Monday, August 10, 2015

Song of the Day #180 - Dr. Dre - All In a Day's Work (ft. Anderson .Paak and Marsha Ambrosius)

Only type of living I know!

Again, too lazy to find a reliable video source for this one. Also I can't promise the next 13 days won't just be the rest of this album. Right now I feel the nexus of my focus is on this and the next track, yesterday's SotD "Darkside/Gone", but I can feel it shift slowly towards the powerful trio of "Satisfaction", "Animals", and "Medicine Man". Oh my lord though at the same time it feels like I might just never stop listening to this song, and only the beat for "Gone" feels strong enough to pull me away.

Is this not a perfect song? Can anyone come up with any way to improve it? But probably it felt pretty perfect at several other stages in development, y'know? Like if you remove any random group of elements from this song it still feels pretty damn complete. Like starting with the beat - we get this awesome, uhh... what is that? A harmonium or something? It's bugging me a little. I know there's another song with a beat that starts a lot like this. Or maybe it's a dadrock song? Maybe it's even a sample? I don't know. And like... I don't really care either? Usually this sort of thing drives me crazy but here it's like whatever I'll just listen to this.

Same with Anderson .Paak's godly vocal work... I'm sure I've heard this sort of style before, with the echo, the talking over himself, the speeding up at times... all of these techniques have a sort of really intimate familiarity to them, a sort of immediateness of understanding, and a really exciting feeling of anticipation. I can't remember exactly what other songs I'm thinking of, but it doesn't matter, because I have this one. Ahh, this song is so dynamic, it feels like every section is the most clutch, the big escalation, the all-out one, but then they top it again! The way Anderson and Dre layer off each other is so addictive, the way each element is emphasized in turn... the active and bassline, the extended outro of just those perfect skittery drums, everything is so well done, so professional, and so well utilized...

And what better message to deliver with such dynamic professionalism: the value of hard work! Starting with an opening monologue from Jimmy Iovine, himself basically a billionaire, claiming that his success came as a result of, not in spite of, his feeling that he had to work harder than the rest.

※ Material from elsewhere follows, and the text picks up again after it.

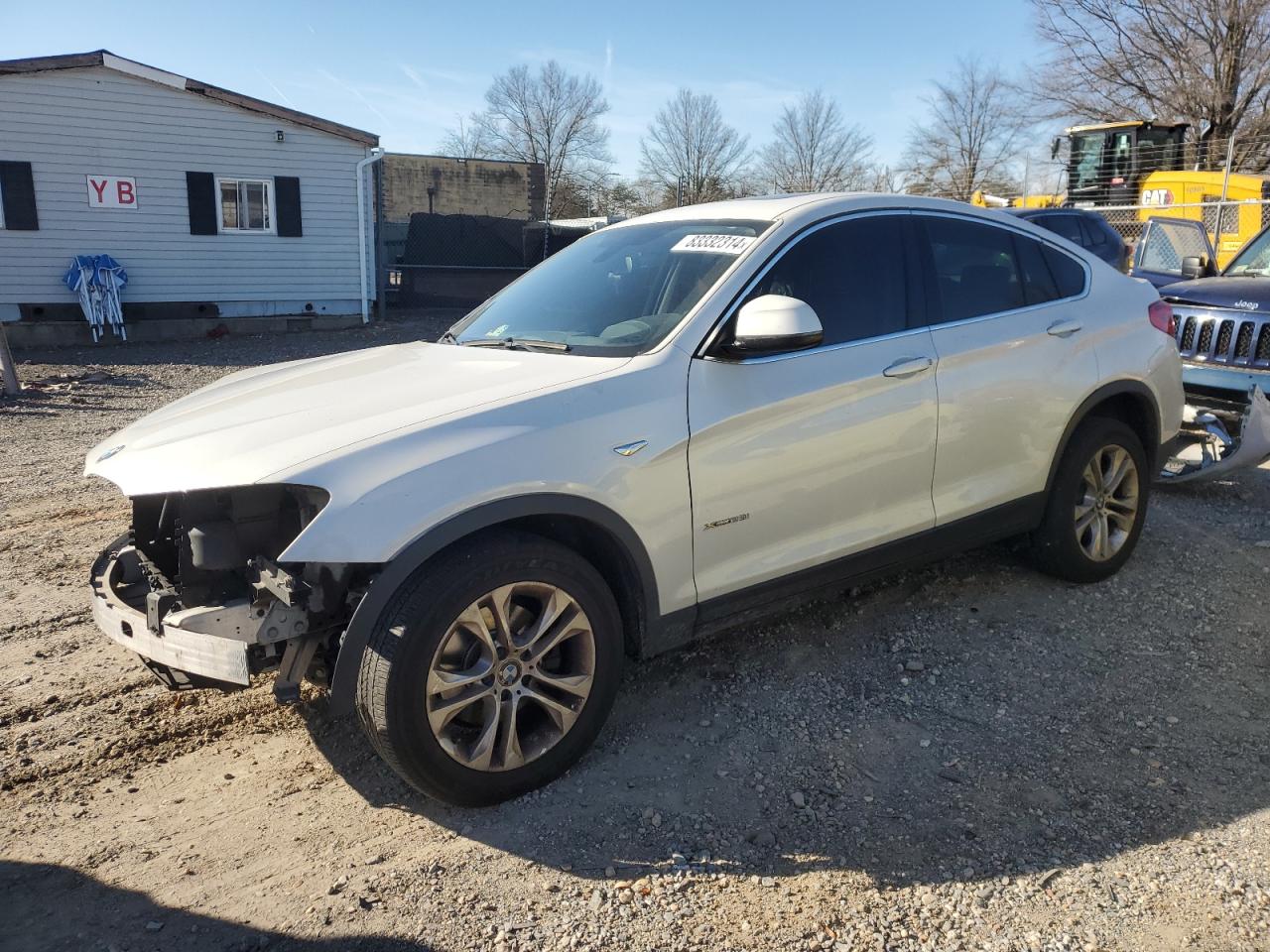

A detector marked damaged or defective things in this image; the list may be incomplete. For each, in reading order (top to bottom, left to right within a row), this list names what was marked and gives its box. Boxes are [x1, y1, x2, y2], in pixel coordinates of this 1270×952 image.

exposed front crash structure [88, 488, 361, 702]
damaged white bmw x4 [84, 193, 1183, 801]
exposed front crash structure [1159, 387, 1270, 484]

Then we get Anderson .Paak, an avid Dre-fanboy growing up (but who wasn't?) who kept up the grind long enough to get on this track with him and speak from Dre's perspective. It's hard, yeah, that's emphasized: "Born and raised in the belly of the beast", "See if it was you you woulda killed yourself by now"... but at the end, you're in the triple comma club, you're 100 floors up, you did it, you're basically the biggest success you could possibly be, you made it all from nothing, and what's left to do? Obviously you go back to work. It's the only type of living you know. For better or worse. And when it leads to masterpieces like this, kinetic and addictive bangers with a world of depth and meaning in them, you gotta think it's mostly for the better.